The exposition was arranged, following a topical and chronological principle, putting a stress on monastic iconographic workshops of the Kovel area, such as the Monastery of the Encounter (Presentation) in Mykhniv and St. Michael the Archangel Monastery in Bilostok (now Bialystok, Poland). Although the icons weren’t usually signed, some scholars classify a number of icons by their style as belonging to an anonymous author of 1630, or to his sphere of influence, thanks to a known and dated icon “The Life of St. George” of the same author. There are also works by Iov Kondzelevych, and Tomash and Stanislav Mychalskyi. Research done by the National Research and Restoration Center and the Moscow Institute of Traditional Technology mark some notable technical and technological characteristics of Volyn iconography, such as painting technique, composition of the levkas (gesso) and the frontal painting. Moreover chalk-glue bases with no addition of plaster were used, along with glue of animal origin, chalk extracted from the Volodymyr-Volynskyi basin area, and finally mineral, rather than plant, pigments. The images are lyrical and monumental in character, one finds laconic expression and traditional iconography, using certain colors in certain areas. Thus, icons from the area connected with the anonymous 1630 painter demonstrate a rather limited palette of blue, white, grey and ochre and no bright colors. The icons also tend to use a graphic line, which delineates the silhouette and facial features, and can be found both in the 1630 group and with 18th-century artists.

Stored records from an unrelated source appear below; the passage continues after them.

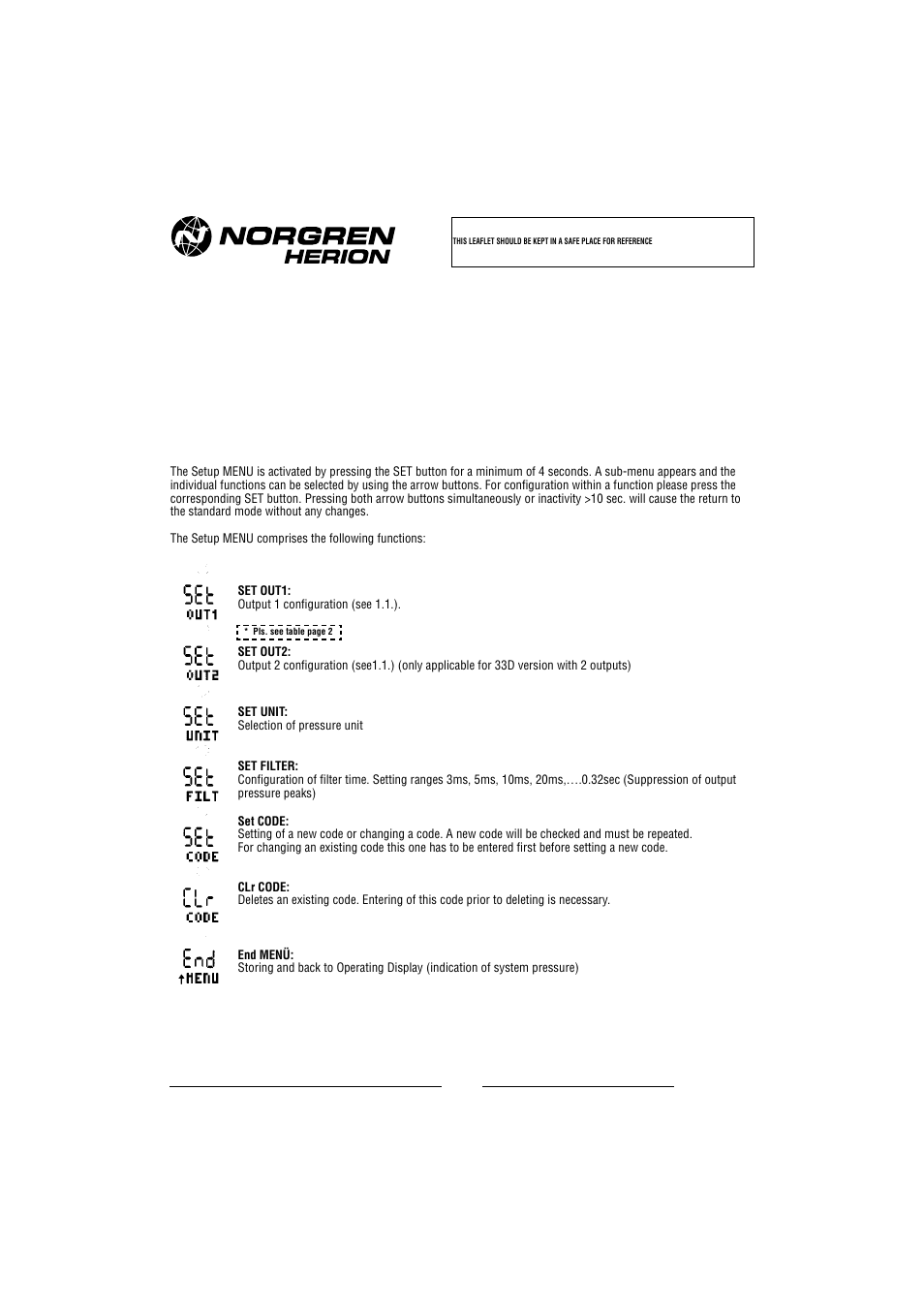 Standard settings (setup menu), 33d – functions and settings | Norgren 33D Electronic Pressure Switches Installation Instructions User Manual | Page 6 / 20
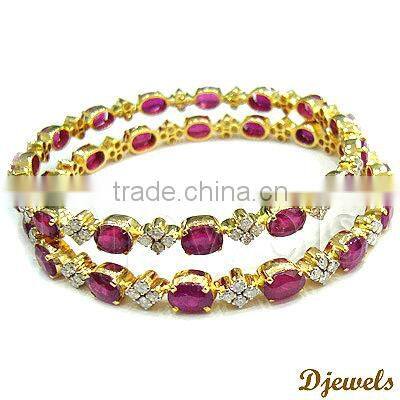 Ruby Diamond Bangles, Gold Bangles, Bangles Jewelry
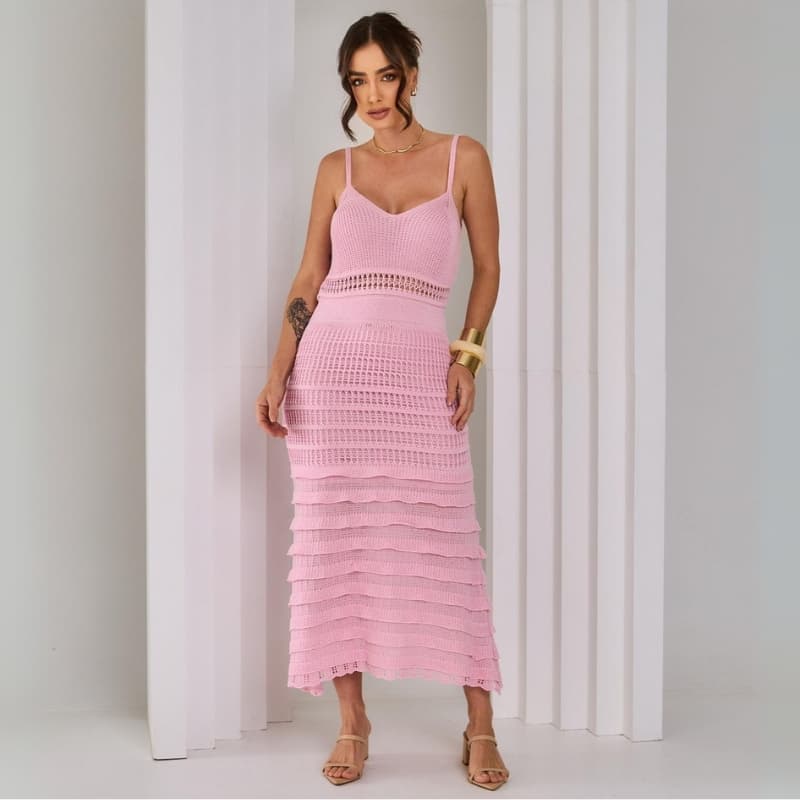 Vestido Midi Tricô Modal Babado Feminino Alça Fina Ajustado Elegante Verão 2026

Archive sources mention guild-based painting in Ratne, Volodymyr-Volynskyi, Kovel and Lutsk. A list of painters from the first half of the 17th seventeenth century includes 72 names of iconographers, which proves that a broad network of commissions from monasteries and churches existed. Some of the most popular saints to be depicted on Volyn icons were: St. George the Conqueror, the Mother of God Hodigitria (she who shows the way), Christ the Pantocrator (ruler of all), St. Nicholas, St. Barbara (her cult was inspired by Duke Radziwill, who in 1654 brought her relics to the territory), St. Paraskeva, and the Archangel Michael surrounded by “Acts” and “Lives of the Saints.” Some interesting topics such as Christ the Grapevine, Christ in the Chalice, or Christ the Sleepless Eye are occasionally found. Many icons depict architectural ensembles, which enables the viewer to see architectural designs of past centuries.
Eleven icons of the Volyn tempera tradition, and later periods of Roman Catholic church decoration (18th and 19th centuries) returned from restoration at the Ukrainian Academy of Arts last year. According to Tetiana Yeliseyeva, director of the museum, canvas art from Roman Catholic churches, as well as icons from Ukrainian Greek Catholic churches (the Orthodox Eparchy in Volyn ceased to exist in 1617), represent the most interesting material in recent research and form the basis for future expositions of oil paintings.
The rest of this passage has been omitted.